Nous sommes face à trois récits d’emprise qui vont conduire au féminicide. Le premier, de l’auteure elle-même qui à 20 ans, déjà questionnée par l’écriture se retrouve à partager la vie de HC, un homme très mûr, de plus de cinquante ans, poète ou écrivain raté, comédien se jugeant méconnu, qui peu à peu va resserrer son étreinte perverse sur Natacha. Puis c’est le récit de Chahinez Daoud et de son mariage avec MB maçon, algérien, divorcé, prêt à refaire sa vie et à gagner la France pour s’y installer à Mérignac près de Bordeaux, avec sa nouvelle épouse elle-même courageusement divorcée, et un fils à venir. Enfin c’est Emma, une parente éloignée de l’auteure qui va partager sa vie avec un chauffeur, RD, travaillant dans un ministère important.

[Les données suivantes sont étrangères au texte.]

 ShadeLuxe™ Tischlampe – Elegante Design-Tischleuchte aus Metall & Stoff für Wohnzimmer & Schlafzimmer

Chaque fois le processus est le même, une trajectoire qui va de la séduction à l’amour fou puis au mariage et qui une fois le point culminant de la rencontre atteint dévale une pente vertigineuse, où le mari jaloux, délirant, supputant un amant ou des liaisons étrangères, plus simplement encore, un vêtement qu’il juge inapproprié, va resserrer son emprise à un point tel que la fuite devient impossible. Impossible avec une conséquence implacable conduisant au meurtre prémédité, à la disparition par le feu ou par les balles. Tragédie incompréhensible, sauf si l’on évoque une pathologie psychiatrique, délirante, qui va au-delà de l’emprise psychologique et physique pour conduire à un meurtre qui relève de l’absurde.
A chaque fois, la mécanique reste la même.

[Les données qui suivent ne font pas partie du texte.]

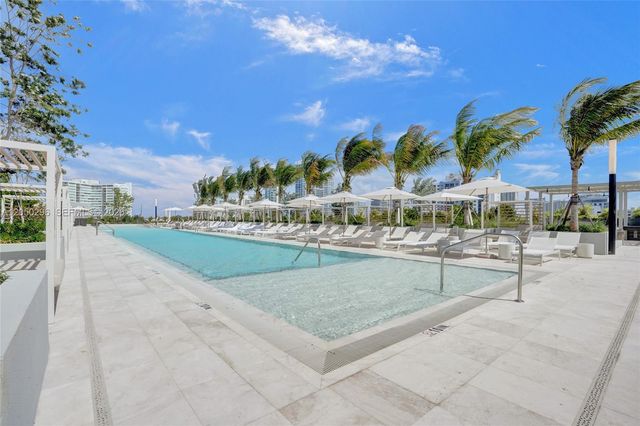 580 72nd Street 2102, Miami Beach, FL 33141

« Au début, il décrit de larges cercles concentriques d’observation suivis de charges frontales et d’approches croisées (…). Vous deviendrez le point central de ses approches et il reviendra systématiquement au contact par tous les moyens possibles en s’acharnant et en devenant insistant. (…) Il montre une fois encore sa supériorité territoriale par son langage corporel. C’est préférable de quitter la zone sans perdre trop de temps, avant qu’il ne devienne trop inquisiteur. Maintenir un maximum de distance et ne jamais reculer. Il faut aussi, toujours, garder une position verticale, un contact visuel et réagir le moins possible à ses approches. « .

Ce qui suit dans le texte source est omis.